Queries into the fulltext index should be passed under the
SFT ("search full text") parameter, in addition to the
usual S parameter (search in metadata record). So for
example
http://my/app.ftw?S=2007&SFT=perl
will search records containing the word "2007" and having an attached document in which there is the word "perl". Queries can of course be much more complex, with boolean operators, parentheses, excluded words, etc. --- see Search::Indexer and Query::Parser.
Indexing requires some mechanism to convert attached documents into plain text. This cannot be guessed by the present class, so you should write a subclass that implements such conversions; see the SUBCLASSING section below.
Records retrieved from a fulltext search will have two
additional fields : score (how well the document
matched the query) and excerpts (strings
of text fragments close to the searched words).
Therefore those field names should not be present
as regular fields in the data file.
upload fieldname1 upload fieldname2 = indexed
Currently only one single upload field can be indexed within a given application.

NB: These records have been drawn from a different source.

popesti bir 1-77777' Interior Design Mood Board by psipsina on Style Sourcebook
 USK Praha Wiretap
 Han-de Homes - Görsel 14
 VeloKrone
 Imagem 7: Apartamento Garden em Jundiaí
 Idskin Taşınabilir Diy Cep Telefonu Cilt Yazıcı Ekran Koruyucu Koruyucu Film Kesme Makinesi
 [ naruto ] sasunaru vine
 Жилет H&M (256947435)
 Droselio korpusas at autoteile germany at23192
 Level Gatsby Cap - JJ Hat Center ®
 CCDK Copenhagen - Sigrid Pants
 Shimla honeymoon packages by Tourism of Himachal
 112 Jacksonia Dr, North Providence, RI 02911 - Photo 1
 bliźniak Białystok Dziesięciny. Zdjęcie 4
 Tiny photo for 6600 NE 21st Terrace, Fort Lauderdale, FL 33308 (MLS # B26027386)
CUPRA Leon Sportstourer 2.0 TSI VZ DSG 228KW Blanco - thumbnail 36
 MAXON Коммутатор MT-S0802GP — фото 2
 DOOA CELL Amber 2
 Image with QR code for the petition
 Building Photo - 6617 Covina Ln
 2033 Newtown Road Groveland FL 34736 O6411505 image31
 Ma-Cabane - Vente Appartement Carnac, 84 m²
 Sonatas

This class relies on the indexed_doc_content method for converting attached documents into plain text, which is a prerequisite to perform the indexing. The default implementation of indexed_doc_content just returns the raw file content, so it is most likely inappropriate to suit your needs; therefore you should write a subclass that overrides this method, and then associate this subclass to your application within the configuration file :
[application] class = My::Subclass::Of::File::Tabular::Web::Attachements::Indexed
If your uploaded documents are Microsoft Office or OpenOffice documents, it may be too costly to convert them on the fly, while answering the HTTP request. A way to deal with this is to override the after_add_attachment and before_delete_attachment methods : instead of performing immediate adds or deletions into the index, these method can write indexing requests into an event queue. A separate process then reads the event queue and performs the indexing operations.
Calls the parent method;
records in $self->{app}{indexed_field} which is the name
of the indexed field.
Returns a list of words queried either in the S or SFT parameters.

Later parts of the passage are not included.